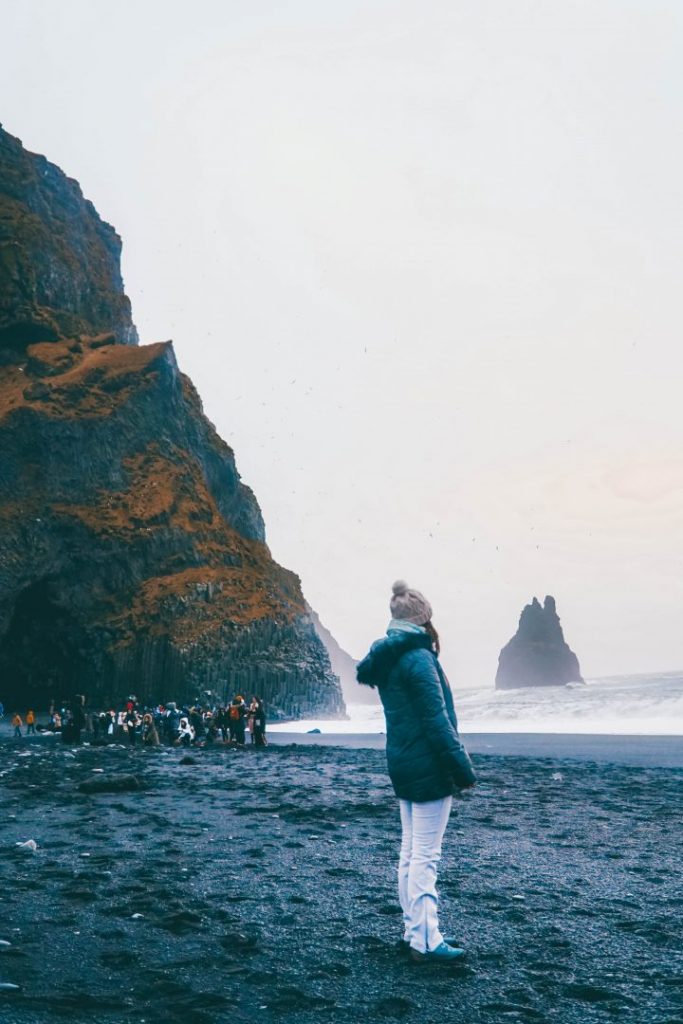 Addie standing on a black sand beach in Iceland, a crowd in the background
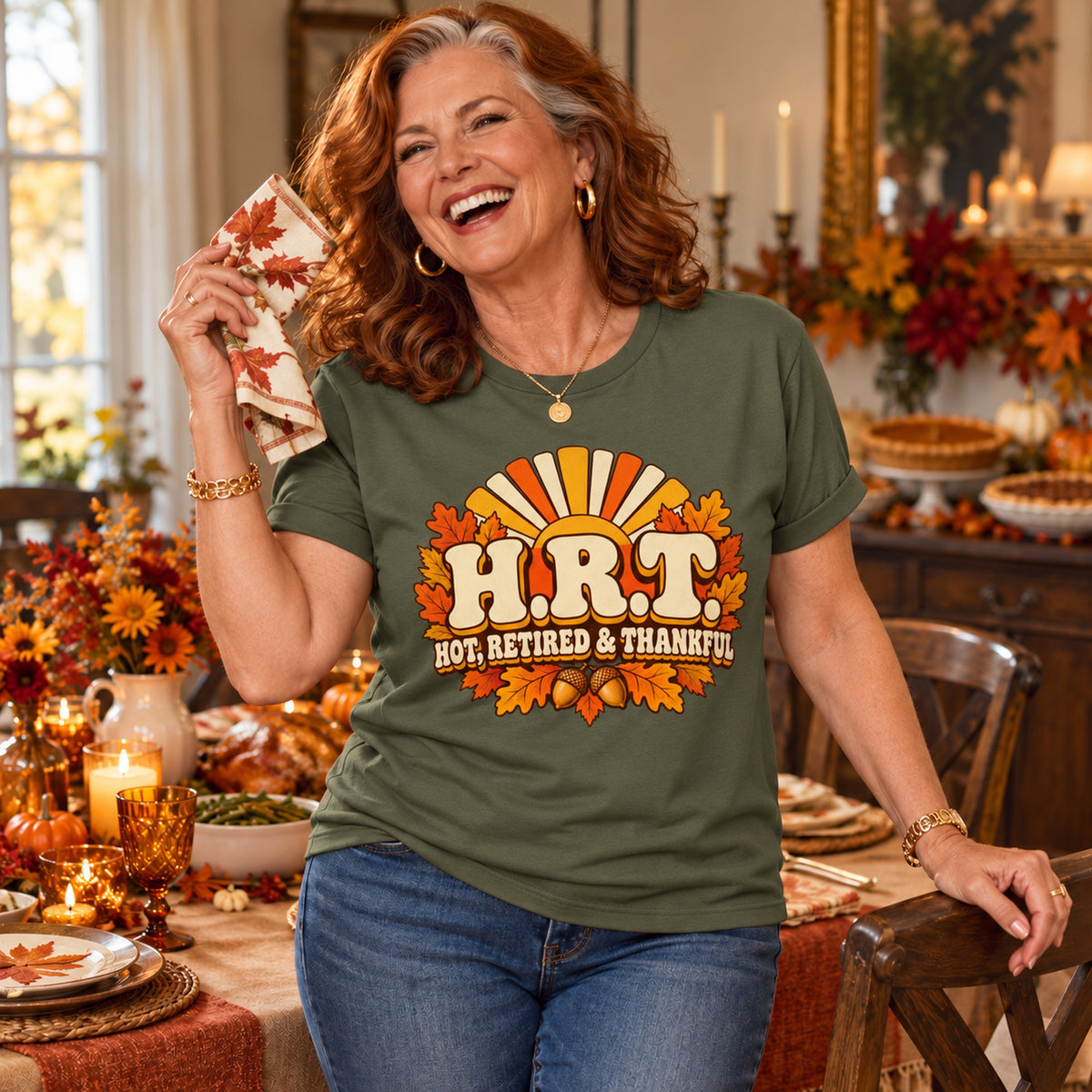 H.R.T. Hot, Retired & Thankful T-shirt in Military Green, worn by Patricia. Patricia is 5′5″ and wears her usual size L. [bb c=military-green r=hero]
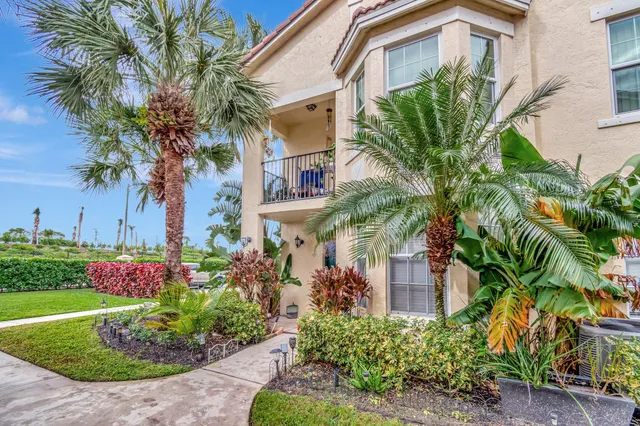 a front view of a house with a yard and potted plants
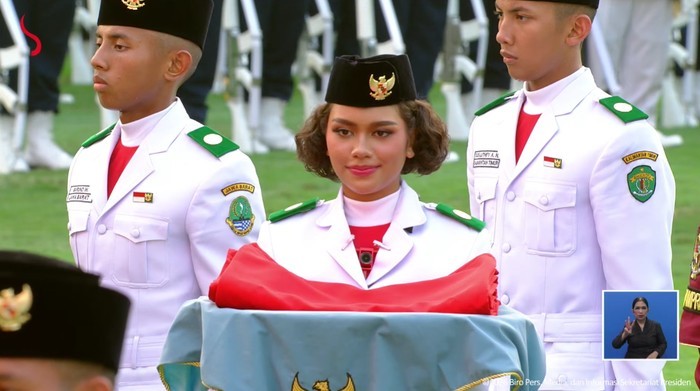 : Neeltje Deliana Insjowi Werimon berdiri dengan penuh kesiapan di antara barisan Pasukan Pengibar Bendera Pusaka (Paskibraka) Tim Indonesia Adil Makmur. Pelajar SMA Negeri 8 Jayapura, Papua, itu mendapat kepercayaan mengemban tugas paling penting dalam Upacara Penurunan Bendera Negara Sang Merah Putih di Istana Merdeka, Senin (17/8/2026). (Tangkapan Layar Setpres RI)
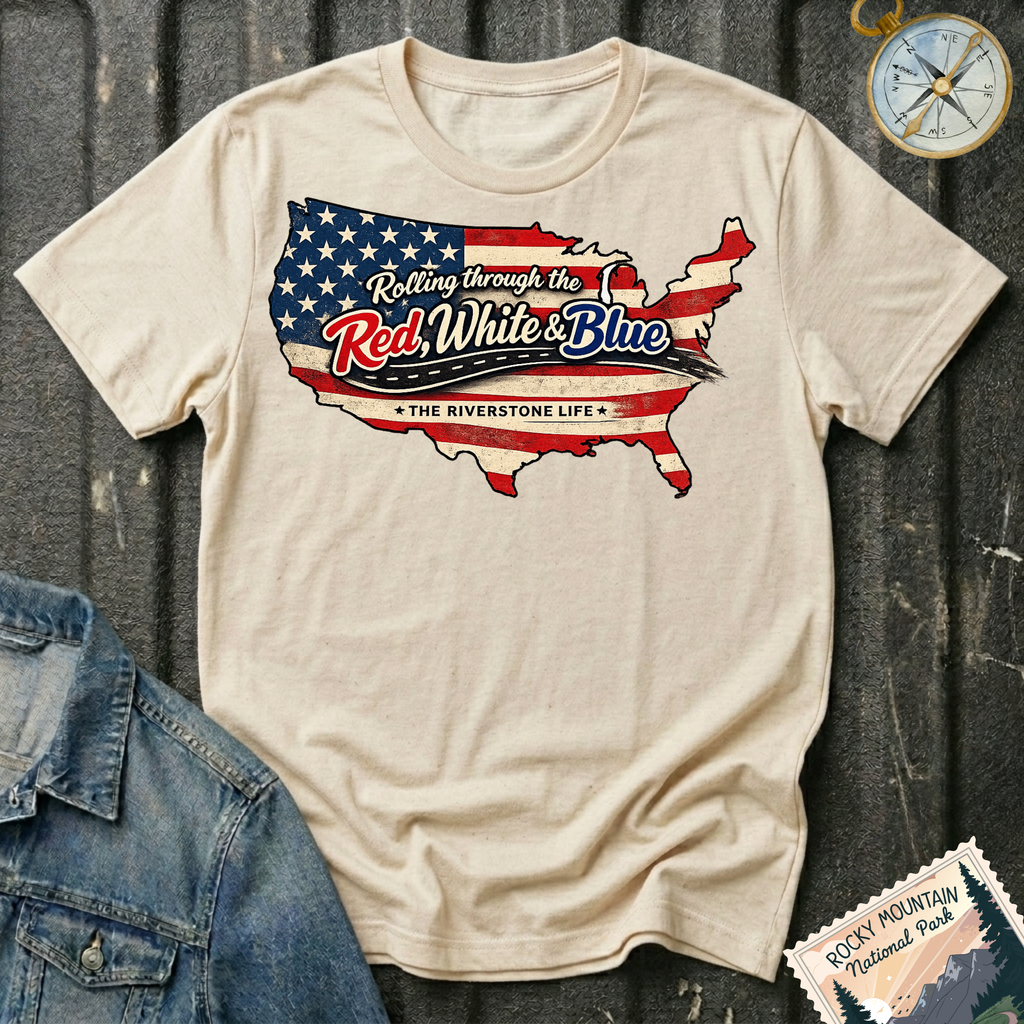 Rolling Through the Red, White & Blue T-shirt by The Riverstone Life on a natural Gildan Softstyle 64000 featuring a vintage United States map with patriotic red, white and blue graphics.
···
# Problem statement
No pictures belong in the output. It should reproduce exactly the lines from the one containing "a front view" through the end of the data, both ends included.

# Finished exercise
 a front view of a house with a yard and potted plants
 : Neeltje Deliana Insjowi Werimon berdiri dengan penuh kesiapan di antara barisan Pasukan Pengibar Bendera Pusaka (Paskibraka) Tim Indonesia Adil Makmur. Pelajar SMA Negeri 8 Jayapura, Papua, itu mendapat kepercayaan mengemban tugas paling penting dalam Upacara Penurunan Bendera Negara Sang Merah Putih di Istana Merdeka, Senin (17/8/2026). (Tangkapan Layar Setpres RI)
 Rolling Through the Red, White & Blue T-shirt by The Riverstone Life on a natural Gildan Softstyle 64000 featuring a vintage United States map with patriotic red, white and blue graphics.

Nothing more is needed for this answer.